Paris Prekas (1926-1999)

Audio tour

Sails, 1962, oil on canvas, 93.3 x 185.5 cm

With a strong reference to architecture, geometric white shapes make up this artwork where balance and harmony prevail. The painting’s subject-matter may not be readily graspable at first, but the title is quite enlightening. We are looking at sails and masts, painted by Prekas abstractly, as the wide surfaces blend in with the horizontal and vertical axes that run through them, creating a robust composition.

The colour white is used as evidence of the pervasive Greek light, while the very few dark hues at the foot of the painting weigh on the overall composition, which thus becomes more solid. The broad white surfaces that have been competently placed one next to the other give the impression of texture and multidimensionality, as if the work was almost sculptural.

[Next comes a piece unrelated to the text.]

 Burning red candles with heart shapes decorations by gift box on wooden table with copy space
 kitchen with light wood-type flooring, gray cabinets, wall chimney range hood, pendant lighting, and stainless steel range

Starting off from his visits to the island of Hydra and his undiminished interest in the island landscape, Paris Prekas focuses on individual elements – like the sails in this painting – and moves with ease to an abstract and geometric result, where the monumental and the symbolic rule. We are far from a realistic rendering of the landscape. Here other ideas take centre stage, like that of the sea or the traditional Greek island landscape, in which white is always the protagonist. Being anything but concrete, such ideas are aptly mastered through the language of abstraction and geometry.